Gabriel Obiang Lima, qui a étudié aux États-Unis, s’estime capable de prendre la relève mieux que son aîné, qu’il traite publiquement de « playboy ».

Le gâteau national, au centre de toutes les convoitises

Comme ailleurs en Afrique centrale, il siphonne en toute impunité la manne que représente l’exportation de barils de brut vers la Chine, l’Inde, le Japon ou la Corée du Sud, à raison de 10,5 milliards de dollars par an. Son pays est régulièrement classé dans le peloton de queue de Transparency International — parmi les dix du monde où la corruption est perçue comme la plus élevée.

La presse équato-guinéenne impute à « Gabi » une fortune personnelle d’au moins 500 millions de dollars, placée dans des banques en Espagne, au Cap-Vert et aux États-Unis.
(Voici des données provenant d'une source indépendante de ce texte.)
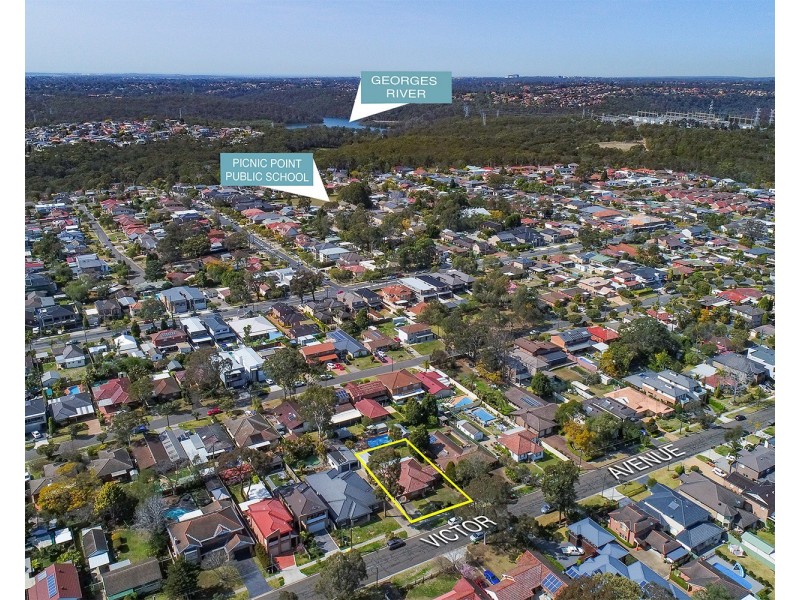 61  Victor Avenue, Picnic Point NSW 2213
Le journal en ligne Diario Rombe, qui a publié le 21 octobre de nouvelles révélations à son sujet, l’avait déjà épinglé dans une affaire rocambolesque : deux conteneurs remplis d’argent, destinés au départ à Sao-Tomé-et-Principe, le pays de sa mère, Cristina Lima, avaient été interceptés à Malabo…
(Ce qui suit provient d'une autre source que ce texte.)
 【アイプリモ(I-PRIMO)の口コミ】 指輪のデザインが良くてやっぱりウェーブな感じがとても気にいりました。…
« Gabi » n’est guère populaire — comme le nombre d’abonnés à son compte Twitter (84 au total) en atteste. Il n’en a pas moins de solides amitiés dans les pays où il a investi dans l’immobilier — Ghana, France et États-Unis, selon nos informations. Chez lui, son clan compte des caciques du régime, parmi lesquels le ministre des affaires étrangères Agapito Mba Mokuy, mais aussi l’influent Damian Ondo Mane Nchama, trésorier de la Banque des États d’Afrique centrale (BEAC), ou encore Juan Olo, ancien ministre des mines et Chele Endeme, administrateur des douanes.

La guerre de succession est ouverte en Guinée-Équatoriale. Elle détermine désormais le positionnement des uns et des autres, les poids lourds du régime et leurs alliés respectifs. Voire des uns contre les autres… Ce dont s’inquiètent déjà certains observateurs, qui redoutent que les deux frères n’en arrivent à des moyens qui pourraient faire basculer le pays dans la guerre civile. Le tout, pour mettre la main sur un « gâteau national » qui n’a jamais été partagé avec le peuple équato-guinéen, dont le niveau de développement humain reste l’un des plus bas de la planète.